* _Exercise brief_:
Set down exactly the first line of the entries and every line after it, through the line with "2022 Ford Bronco - 4".

* _Data under study_:
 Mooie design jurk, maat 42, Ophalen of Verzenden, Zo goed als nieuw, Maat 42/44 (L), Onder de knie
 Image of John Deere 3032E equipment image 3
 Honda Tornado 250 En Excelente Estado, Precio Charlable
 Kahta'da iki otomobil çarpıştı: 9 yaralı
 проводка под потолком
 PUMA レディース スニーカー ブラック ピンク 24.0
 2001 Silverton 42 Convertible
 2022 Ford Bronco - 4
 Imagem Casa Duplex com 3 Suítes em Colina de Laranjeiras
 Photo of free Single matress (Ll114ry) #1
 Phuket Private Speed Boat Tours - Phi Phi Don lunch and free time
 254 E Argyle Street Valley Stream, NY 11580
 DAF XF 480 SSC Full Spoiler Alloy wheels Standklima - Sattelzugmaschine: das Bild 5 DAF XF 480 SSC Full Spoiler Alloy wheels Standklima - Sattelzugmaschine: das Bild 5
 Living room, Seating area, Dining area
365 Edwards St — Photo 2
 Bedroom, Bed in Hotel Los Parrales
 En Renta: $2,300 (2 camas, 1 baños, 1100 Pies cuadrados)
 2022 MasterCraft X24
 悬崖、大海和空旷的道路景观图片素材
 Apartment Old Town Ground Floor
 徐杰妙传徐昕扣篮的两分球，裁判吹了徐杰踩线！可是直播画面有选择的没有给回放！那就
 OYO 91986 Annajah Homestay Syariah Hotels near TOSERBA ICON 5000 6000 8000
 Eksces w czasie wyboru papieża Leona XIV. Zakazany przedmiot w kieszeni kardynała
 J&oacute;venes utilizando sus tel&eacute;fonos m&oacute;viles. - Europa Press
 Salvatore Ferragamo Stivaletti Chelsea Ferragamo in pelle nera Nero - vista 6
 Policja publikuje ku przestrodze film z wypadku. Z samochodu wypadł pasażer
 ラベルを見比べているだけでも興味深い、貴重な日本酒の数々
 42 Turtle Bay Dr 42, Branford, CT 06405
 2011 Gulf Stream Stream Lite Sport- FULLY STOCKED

* _Exercise answer_:
 Mooie design jurk, maat 42, Ophalen of Verzenden, Zo goed als nieuw, Maat 42/44 (L), Onder de knie
 Image of John Deere 3032E equipment image 3
 Honda Tornado 250 En Excelente Estado, Precio Charlable
 Kahta'da iki otomobil çarpıştı: 9 yaralı
 проводка под потолком
 PUMA レディース スニーカー ブラック ピンク 24.0
 2001 Silverton 42 Convertible
 2022 Ford Bronco - 4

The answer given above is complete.